[lnkForumImage]
TotalShareware - Download Free Software

Confronta i prezzi di migliaia di prodotti.
Asp Forum
 Home | Login | Register | Search 


 

Forums >

comp.lang.ruby

Puzzling regex behaviour

Ian Macdonald

2/13/2007 8:20:00 PM

Hello,

Can anyone explain this to me?

$ echo $LANG
nl_NL
$ irb -f
irb(main):001:0> foo = "préférées"
=> "pr\351f\351r\351es"
irb(main):002:0> foo =~ /[^[:alnum:]]/
=> nil
irb(main):003:0> foo =~ /\W/
=> 2

First question: Why does the final statement return 2 instead of nil?
All characters in foo are alphabetic characters in this locale.

Then:

$ echo $LANG
nl_NL
$ cat ./foo
#!/usr/bin/ruby -w

foo = "préférées"
p foo =~ /[^[:alnum:]]/
p foo =~ /\W/
$ ./foo
2
2

Huh?

Second question: Why does the first regex match now return 2 instead of
nil?

To my way of thinking, both statements should always return nil, whether
or not they are typed into irb or run in a stand-alone script. At the
very least, both statements should return the same answer, regardless of
the context.

What am I missing here?

Ian
--
Ian Macdonald | tachyon emissions overloading the system
ian@caliban.org |
http://www.ca... |
|
|

23 Answers

Robert Klemme

2/13/2007 9:40:00 PM

0

On 13.02.2007 21:19, Ian Macdonald wrote:
> Hello,
>
> Can anyone explain this to me?
>
> $ echo $LANG
> nl_NL
> $ irb -f
> irb(main):001:0> foo = "préférées"
> => "pr\351f\351r\351es"
> irb(main):002:0> foo =~ /[^[:alnum:]]/
> => nil
> irb(main):003:0> foo =~ /\W/
> => 2
>
> First question: Why does the final statement return 2 instead of nil?
> All characters in foo are alphabetic characters in this locale.
>
> Then:
>
> $ echo $LANG
> nl_NL
> $ cat ./foo
> #!/usr/bin/ruby -w
>
> foo = "préférées"
> p foo =~ /[^[:alnum:]]/
> p foo =~ /\W/
> $ ./foo
> 2
> 2
>
> Huh?
>
> Second question: Why does the first regex match now return 2 instead of
> nil?
>
> To my way of thinking, both statements should always return nil, whether
> or not they are typed into irb or run in a stand-alone script. At the
> very least, both statements should return the same answer, regardless of
> the context.
>
> What am I missing here?

Maybe there is an initialization in .irbrc that leads to a changed
locale inside IRB. Or your IRB belongs to a different Ruby version on
that system.

Other than that, I guess you tripped into the wide and wild country of
i18n - many strange things can be found there. Maybe \w and \W only
treat ASCII [a-z] characters as word characters.

Kind regards

robert

Ian Macdonald

2/13/2007 10:08:00 PM

0

On Wed 14 Feb 2007 at 06:45:08 +0900, Robert Klemme wrote:

> Maybe there is an initialization in .irbrc that leads to a changed
> locale inside IRB.

Nope; I had hoped it would be that easy, but as you can see from my
snippet of output, I started irb with -f, which bypasses ~/.irbrc.
ENV['LANG'] also prints nl_NL in irb, so that can't be it.

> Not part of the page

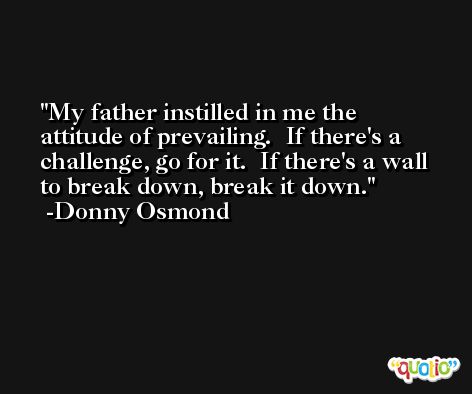 My father instilled in me the attitude of prevailing.  If there's a challenge, go for it.  If there's a wall to break down, break it down. -Donny Osmond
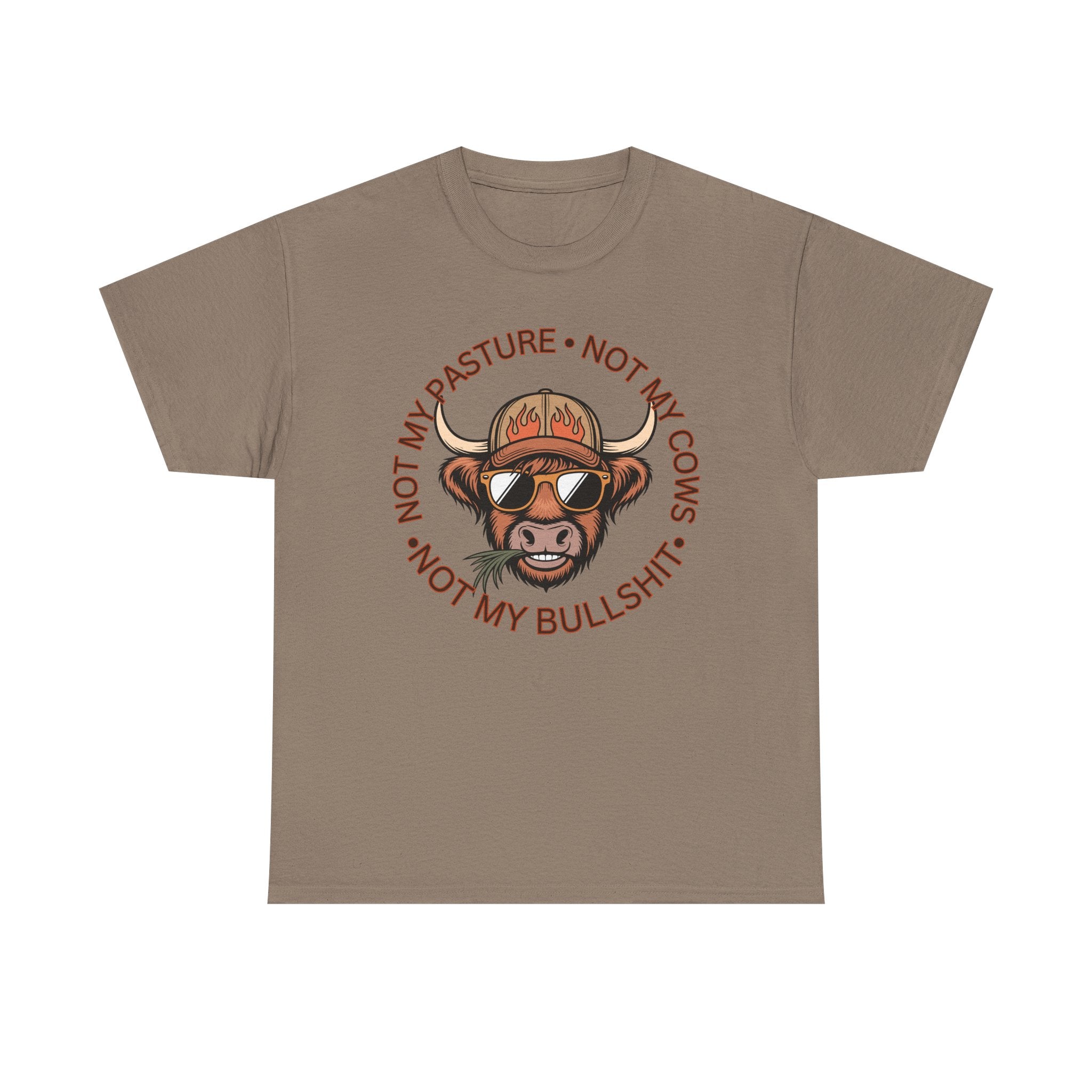 Not My Pasture Not My Cows Tee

> Or your IRB belongs to a different Ruby version on that system.

I compiled it myself, so there has been no mix-and-matching.

> Other than that, I guess you tripped into the wide and wild country of
> i18n - many strange things can be found there. Maybe \w and \W only
> treat ASCII [a-z] characters as word characters.

It does seem that way, as Perl also appears to treat them this way.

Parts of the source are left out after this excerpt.